### What to produce
Please repeat exactly the lines below from the line with "Silicone Baby Simulation Doll 16.5cm 2" to the line with "House Salad", including both, and leave out every picture.

### The data
___

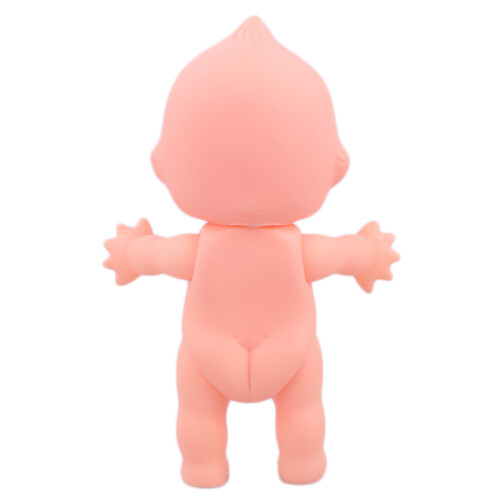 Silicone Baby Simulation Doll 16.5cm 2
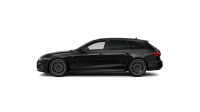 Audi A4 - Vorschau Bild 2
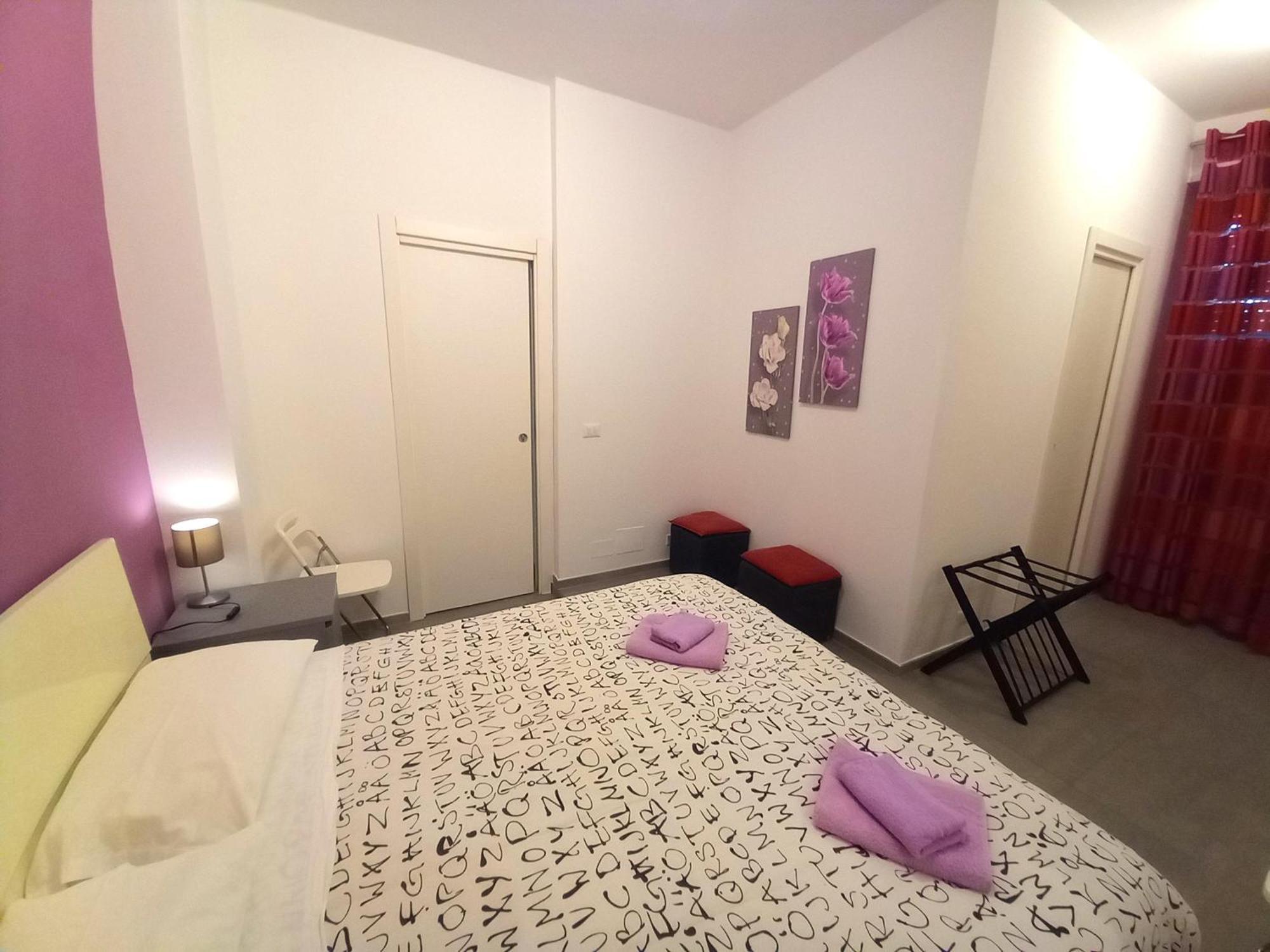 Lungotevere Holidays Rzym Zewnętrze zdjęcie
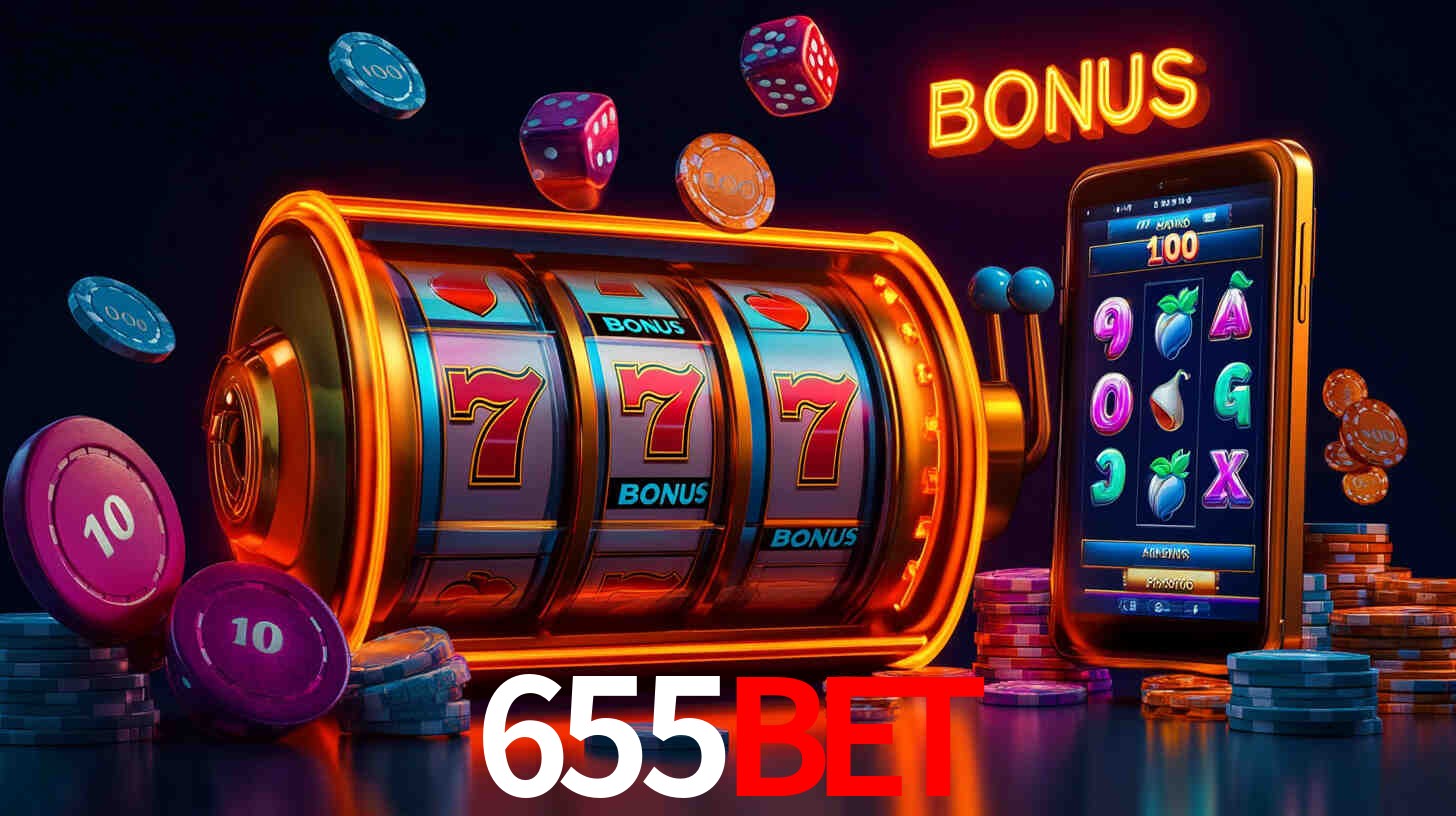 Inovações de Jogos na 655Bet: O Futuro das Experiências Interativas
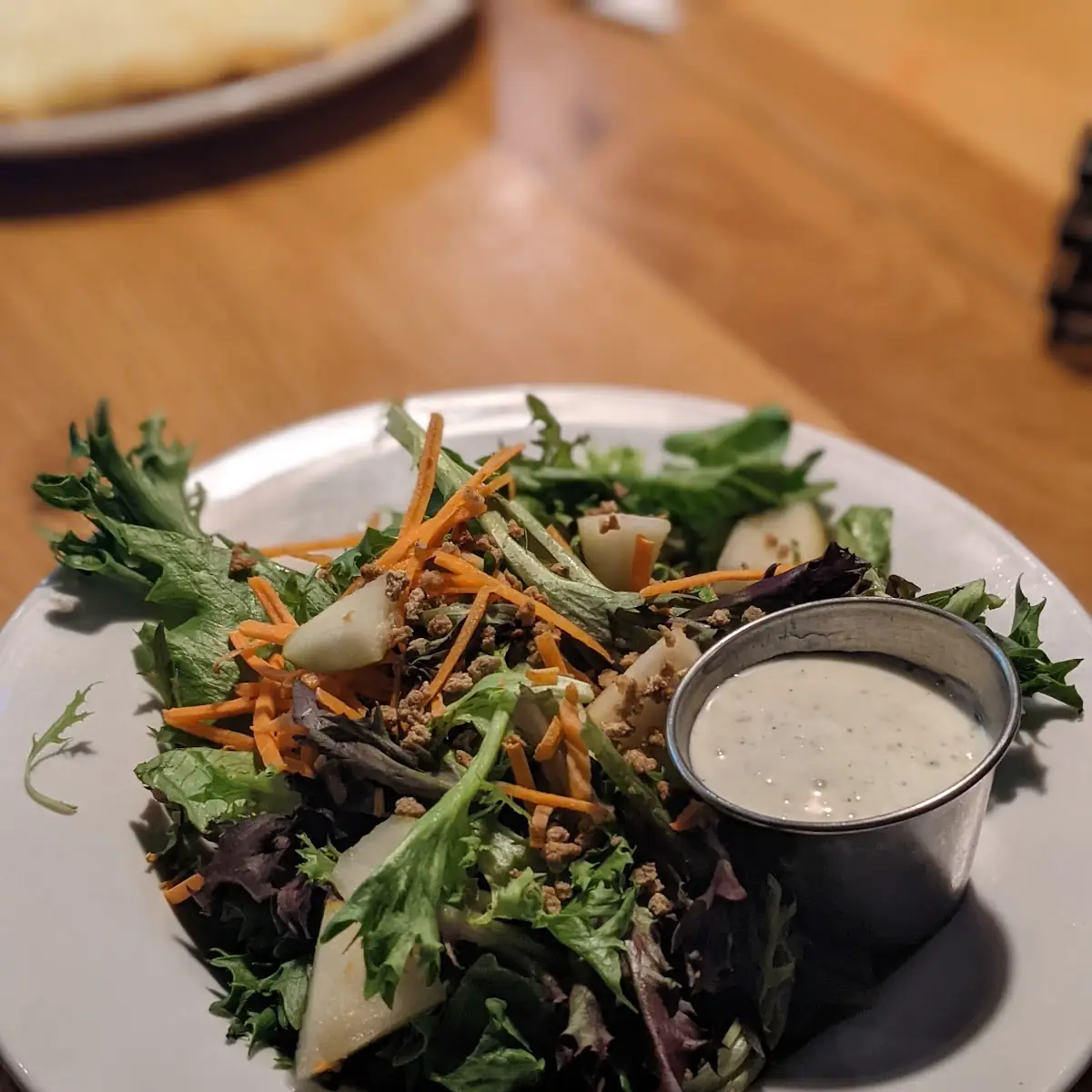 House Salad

___

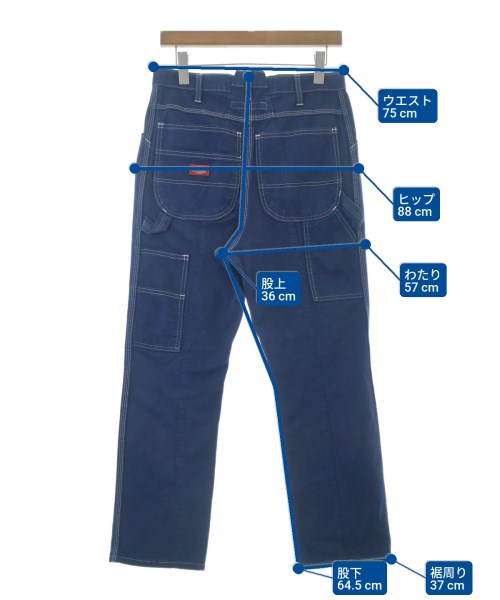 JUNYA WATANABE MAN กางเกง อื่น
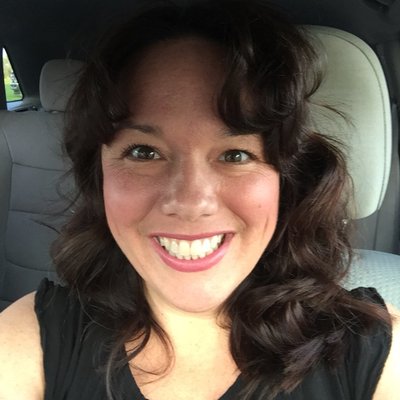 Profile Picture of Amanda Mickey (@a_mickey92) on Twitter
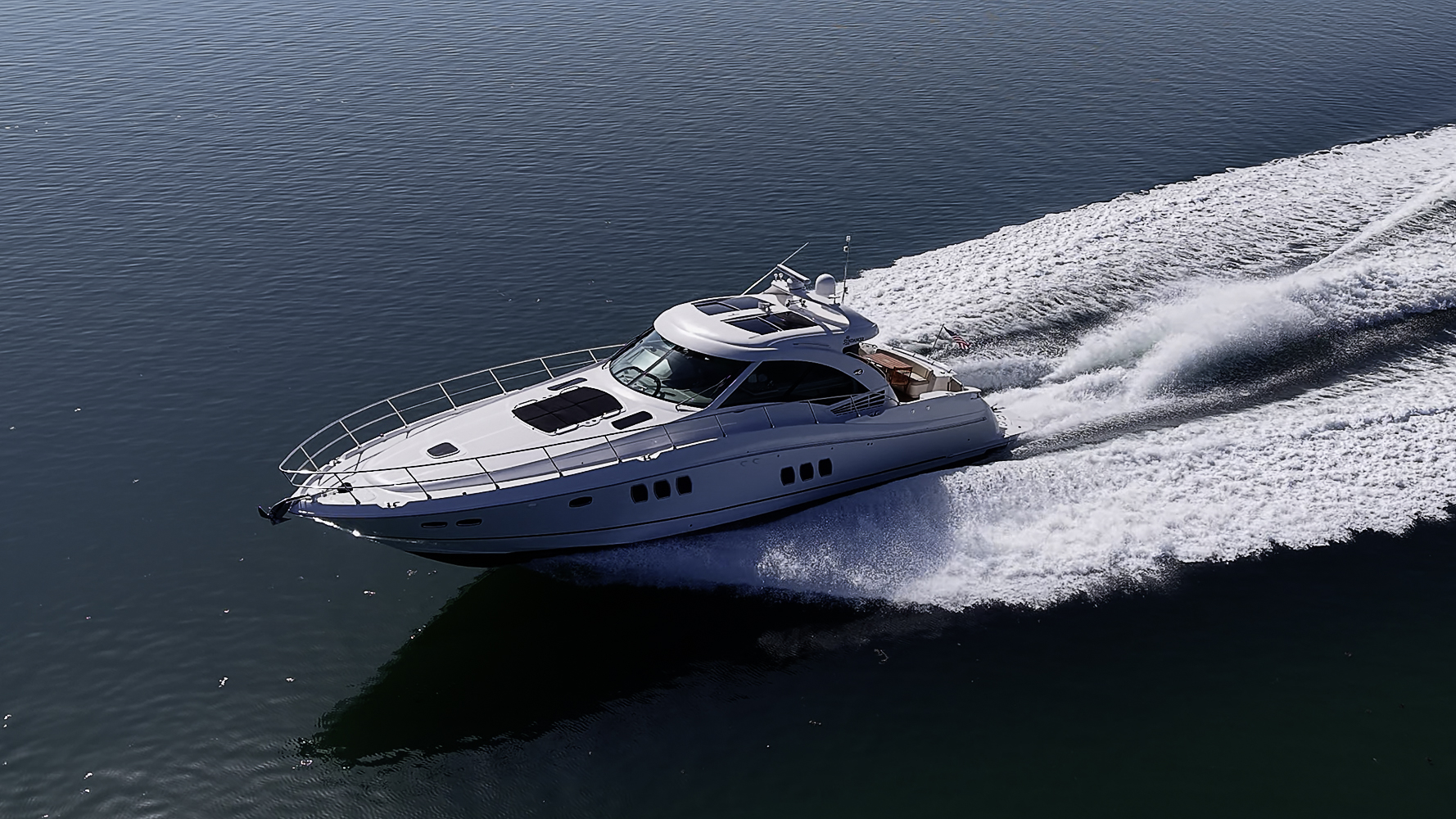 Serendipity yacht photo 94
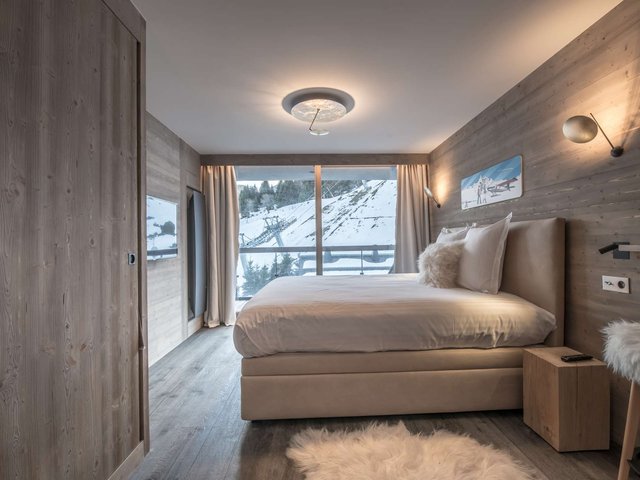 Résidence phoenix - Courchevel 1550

___

### Response to this exercise
 Silicone Baby Simulation Doll 16.5cm 2
 Audi A4 - Vorschau Bild 2
 Lungotevere Holidays Rzym Zewnętrze zdjęcie
 Inovações de Jogos na 655Bet: O Futuro das Experiências Interativas
 House Salad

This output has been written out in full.